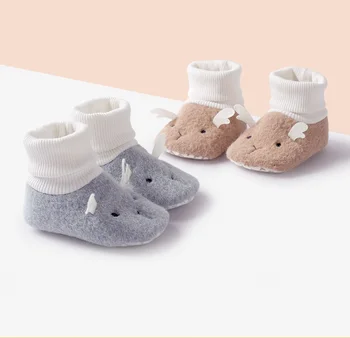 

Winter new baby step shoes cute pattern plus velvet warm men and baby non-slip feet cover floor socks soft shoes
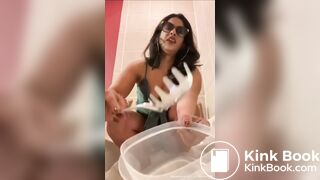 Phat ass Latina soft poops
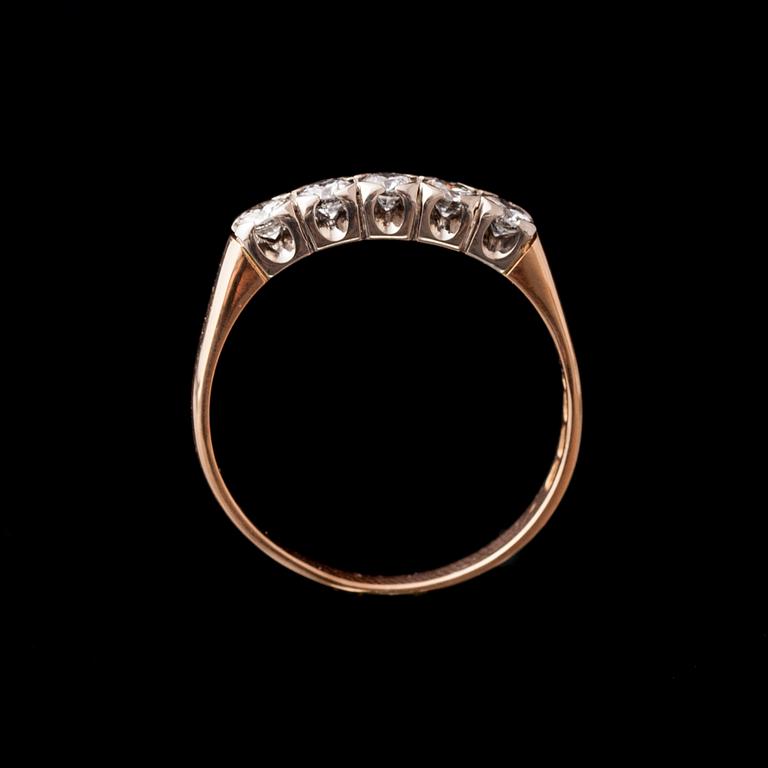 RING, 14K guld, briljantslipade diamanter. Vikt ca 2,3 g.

---

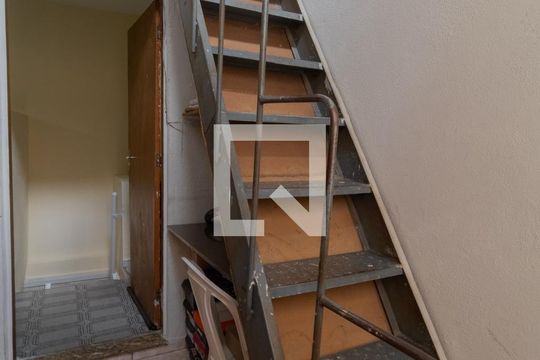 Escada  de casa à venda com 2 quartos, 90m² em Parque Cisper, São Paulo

# PROBLEM DETAILS:
Copy the lines above between the one holding "Winter new baby" and the one holding "RING, 14K guld, briljantslipade", inclusive. Drop the pictures.

# EXPECTED ANSWER:
Winter new baby step shoes cute pattern plus velvet warm men and baby non-slip feet cover floor socks soft shoes
 Phat ass Latina soft poops
 RING, 14K guld, briljantslipade diamanter. Vikt ca 2,3 g.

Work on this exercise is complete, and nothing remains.